INFORMATION SUPPLIED
--------------------------------

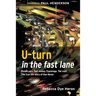 U-turn in the fast lane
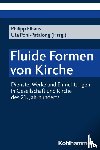  - Fluide Formen von Kirche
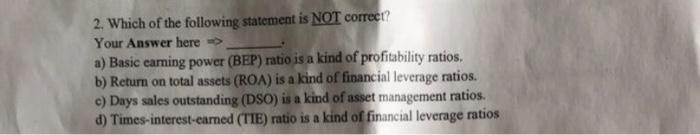 2 Which Of The Following Statement Is Not Correct Your Answer Here A Basic Earning Power Bep Ratio Is A Kind Of Pro 1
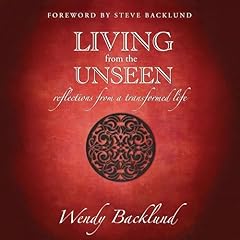 Living from the Unseen Audiobook By Wendy Backlund cover art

--------------------------------

WHAT TO WORK ON
To complete this exercise, repeat exactly the lines above from the one holding "- Fluide Formen von Kirche" to the end of the listing, both included, and leave the pictures out.

RESULT
  - Fluide Formen von Kirche
 2 Which Of The Following Statement Is Not Correct Your Answer Here A Basic Earning Power Bep Ratio Is A Kind Of Pro 1
 Living from the Unseen Audiobook By Wendy Backlund cover art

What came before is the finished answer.